Subscribe For Free Updates!

We'll not spam mate! We promise.

Friday, 28 July 2017


MSI X299 SLI Plus Review

We've finally got a X299 PCH motherboard with us today and its none other than the MSI X299 SLI Plus motherboard! Based on the latest X299 PCH this motherboard supports the existing and upcoming Skylake X and Kabylake X CPUs which Intel released last month as a well kind of hurried response to the AMD upcoming Threadripper processors. How good or bad the Intel Core X CPUs are is a story for another day but as of now we are looking at this budget yet magnificent offering from MSI. So without further delay lets move ahead with the review.

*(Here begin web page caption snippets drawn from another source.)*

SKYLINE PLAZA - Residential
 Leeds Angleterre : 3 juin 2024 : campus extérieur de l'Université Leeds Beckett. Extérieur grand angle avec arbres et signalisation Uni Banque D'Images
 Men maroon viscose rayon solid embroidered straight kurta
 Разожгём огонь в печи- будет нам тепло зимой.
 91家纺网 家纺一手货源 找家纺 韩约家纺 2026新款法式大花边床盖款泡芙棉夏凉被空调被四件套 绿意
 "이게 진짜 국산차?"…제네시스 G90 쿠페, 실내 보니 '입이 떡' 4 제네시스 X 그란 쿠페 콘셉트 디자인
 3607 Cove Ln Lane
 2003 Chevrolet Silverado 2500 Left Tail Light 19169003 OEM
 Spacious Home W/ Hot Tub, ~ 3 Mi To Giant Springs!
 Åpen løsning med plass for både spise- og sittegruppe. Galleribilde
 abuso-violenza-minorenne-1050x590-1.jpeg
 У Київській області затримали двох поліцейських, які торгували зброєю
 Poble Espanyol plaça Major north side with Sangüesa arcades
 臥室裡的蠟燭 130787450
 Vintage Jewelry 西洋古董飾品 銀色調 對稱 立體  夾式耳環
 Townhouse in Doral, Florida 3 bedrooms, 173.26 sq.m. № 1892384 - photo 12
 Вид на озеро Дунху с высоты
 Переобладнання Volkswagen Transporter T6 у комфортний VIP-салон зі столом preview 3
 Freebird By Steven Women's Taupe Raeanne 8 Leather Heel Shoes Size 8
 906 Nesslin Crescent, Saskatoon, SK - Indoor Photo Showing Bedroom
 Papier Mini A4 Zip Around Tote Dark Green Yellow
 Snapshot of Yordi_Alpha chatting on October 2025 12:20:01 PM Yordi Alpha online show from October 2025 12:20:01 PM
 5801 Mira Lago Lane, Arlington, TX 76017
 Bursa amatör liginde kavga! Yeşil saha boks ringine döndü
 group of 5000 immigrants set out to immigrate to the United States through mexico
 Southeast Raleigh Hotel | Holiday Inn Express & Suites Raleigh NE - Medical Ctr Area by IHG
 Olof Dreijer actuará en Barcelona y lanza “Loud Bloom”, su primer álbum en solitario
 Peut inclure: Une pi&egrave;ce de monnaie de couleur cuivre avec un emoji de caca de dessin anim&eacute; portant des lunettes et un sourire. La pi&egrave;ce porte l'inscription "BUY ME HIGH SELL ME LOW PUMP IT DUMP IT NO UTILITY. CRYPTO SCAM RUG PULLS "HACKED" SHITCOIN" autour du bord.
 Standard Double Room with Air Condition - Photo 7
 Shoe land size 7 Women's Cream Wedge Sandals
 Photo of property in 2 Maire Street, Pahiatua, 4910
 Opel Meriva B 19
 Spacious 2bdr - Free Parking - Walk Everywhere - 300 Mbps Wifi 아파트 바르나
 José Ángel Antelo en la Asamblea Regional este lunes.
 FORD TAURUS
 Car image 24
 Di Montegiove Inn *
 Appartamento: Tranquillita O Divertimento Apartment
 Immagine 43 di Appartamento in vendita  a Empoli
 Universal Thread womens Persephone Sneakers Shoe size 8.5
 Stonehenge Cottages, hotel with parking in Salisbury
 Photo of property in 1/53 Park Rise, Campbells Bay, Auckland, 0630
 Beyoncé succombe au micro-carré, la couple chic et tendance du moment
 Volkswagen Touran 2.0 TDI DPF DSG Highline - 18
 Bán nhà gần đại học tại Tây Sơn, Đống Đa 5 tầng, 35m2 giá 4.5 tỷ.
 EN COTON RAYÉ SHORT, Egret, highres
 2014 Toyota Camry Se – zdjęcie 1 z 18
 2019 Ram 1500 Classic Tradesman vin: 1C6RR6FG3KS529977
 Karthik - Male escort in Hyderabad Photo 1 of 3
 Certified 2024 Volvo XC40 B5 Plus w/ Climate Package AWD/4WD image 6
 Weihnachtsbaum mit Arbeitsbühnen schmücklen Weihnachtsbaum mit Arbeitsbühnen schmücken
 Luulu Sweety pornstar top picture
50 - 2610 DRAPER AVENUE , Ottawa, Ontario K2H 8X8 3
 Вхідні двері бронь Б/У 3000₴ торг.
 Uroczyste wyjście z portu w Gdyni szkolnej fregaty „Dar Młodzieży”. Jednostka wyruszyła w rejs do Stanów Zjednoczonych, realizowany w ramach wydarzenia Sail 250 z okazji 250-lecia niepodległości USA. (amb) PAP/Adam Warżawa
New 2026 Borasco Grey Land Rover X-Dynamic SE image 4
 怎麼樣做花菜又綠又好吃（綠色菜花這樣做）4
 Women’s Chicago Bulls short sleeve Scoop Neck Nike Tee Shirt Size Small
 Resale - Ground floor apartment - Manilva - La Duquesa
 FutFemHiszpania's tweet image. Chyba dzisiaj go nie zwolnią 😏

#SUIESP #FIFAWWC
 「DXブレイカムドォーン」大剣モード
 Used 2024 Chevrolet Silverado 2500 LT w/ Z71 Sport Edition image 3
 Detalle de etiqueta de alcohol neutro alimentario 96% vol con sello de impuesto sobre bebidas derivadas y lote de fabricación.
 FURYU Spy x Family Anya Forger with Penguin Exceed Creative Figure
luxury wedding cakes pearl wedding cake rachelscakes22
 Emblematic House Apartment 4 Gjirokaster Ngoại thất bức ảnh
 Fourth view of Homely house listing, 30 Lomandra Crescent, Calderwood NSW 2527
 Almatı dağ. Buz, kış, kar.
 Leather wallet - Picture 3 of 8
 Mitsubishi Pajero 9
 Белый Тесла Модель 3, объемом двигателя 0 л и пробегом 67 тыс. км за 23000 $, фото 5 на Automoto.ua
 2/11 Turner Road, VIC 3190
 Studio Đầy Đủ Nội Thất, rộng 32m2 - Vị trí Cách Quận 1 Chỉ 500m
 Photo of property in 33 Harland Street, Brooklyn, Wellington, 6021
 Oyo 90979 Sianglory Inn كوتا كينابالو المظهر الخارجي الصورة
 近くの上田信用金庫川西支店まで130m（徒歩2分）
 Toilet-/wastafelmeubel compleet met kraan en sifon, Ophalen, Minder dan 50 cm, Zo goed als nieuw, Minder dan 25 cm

Priced in at $259 or around Rs 23,000 in India the MSI SLI Plus sits in the budget segment of the X299 motherboards considering its a very expensive platform to own pretty much like every Intel High End Platform! Even though its positioned at the bottom line of the segment the motherboard is quite feature rich including support for two M.2 drives, one U.2 drive, eight SATA III ports and even tri SLI configuration.

What's in the Box!?

MSI stuck with the traditional SLI Plus packing style for the MSI X299 SLI Plus aswell and brought it in a full matte black cardboard box with silver streaks at the edges, The brand logo and product name are the only two prominent printings that one will find in the front along with other features such as VR Ready, Mystic LED etc printed in their respective fonts at the bottom end.

At the back the box is all black and silver with the motherboard photograph surrounded by key features printed in details such as the Memory Boost, Dual LAN, SLI support etc for the user to get a clear insight of what he's about to deal with. The packing is so black-ish hat by now I feel like I'm dealing with something that jumped out of a La Noir universe!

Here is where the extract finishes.